In one embodiment, rendering the virtual machine image to file-system data may comprise mounting the virtual hard drive image as a physical disk device. When the virtual machine image is mounted, on a host computer or server computer, the virtual machine image may appear under a drive letter as an available volume and file-system. The files within the virtual machine image may be available for scanning and analyzing under the now mounted VHD file as they are now part of the host operating system list of volumes. Mounting may be accomplished with a tool such as a VHD mounter, for example.

In another embodiment, rendering the virtual machine image may comprise a kernel mode driver filter update analysis engine. Such a filter may be used to render the virtual machine image to file-system data available to the update analysis engine without mounting the virtual hard drive image. With such a filter, the virtual machine image may be rendered and analyzed concurrently.

The rendered VM image is analyzed 404 to determine its status with regard to a potential need for updates or patches. A variety of techniques for determining the update status of an active machine are known. The analysis performed on the rendered VM image may be substantially similar to the kind of analysis that would be performed on an active machine, except that the analysis is performed by an agent that is not running inside the machine being analyzed. Depending, for example, on update policies that may be applicable to the VM, various aspects of the VM may be analyzed including, by way of examples, its registry, WMI repository, and/or version information for files and the like. Information about update levels and most recent versions available for the various software constructs associated with the VM may be obtained, for example, via the internet or an intranet. For example, a catalog containing update metadata may be obtained. Update information could also be provided locally, for example via computer readable media. The update information is checked against the current status of the various software constructs associated with the VM and any policies regarding updates are consulted. A patch record indicating what updates are available to be installed is created. The patch record may contain additional information, such as, for example, whether an indicated update can be applied to an offline VM.

If the check indicates that no updates are required or suggested, and the offline virtual machine is up to date, the process may be terminated 408. If instead, one or more updates is indicated, a determination is made whether the VM image can be updated while offline 410. Such a determination may be made with consideration of applicable update policies and the type of update, and may be based, at least in part, on information in the patch record.

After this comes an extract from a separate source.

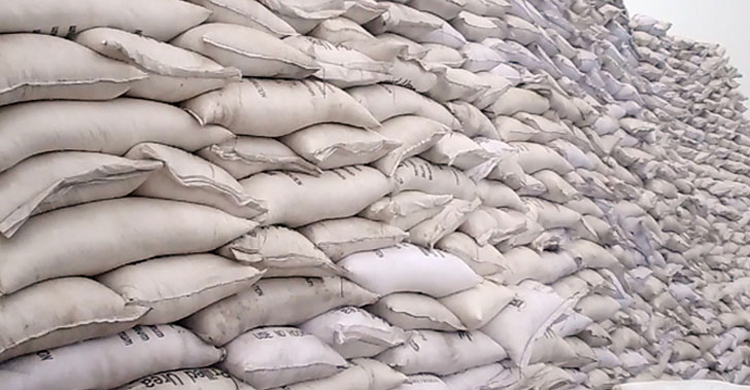 ৫ বছরেও শেষ হয়নি ২৩ কোটি টাকার সার গায়েব মামলা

If offline updates are may be performed, an update engine operates 412 on the rendered VM image without restarting the VM. The update engine may be activated automatically, for example in response to the indication of the need for the update. Alternatively, a user or administrator or the like may be presented with a user interface indicating the desired update actions and may select updates to be performed. In some embodiments, a user may be allowed to selectively choose which updates to install. The update engine may retrieve needed data, for example via networked communications or an internal source.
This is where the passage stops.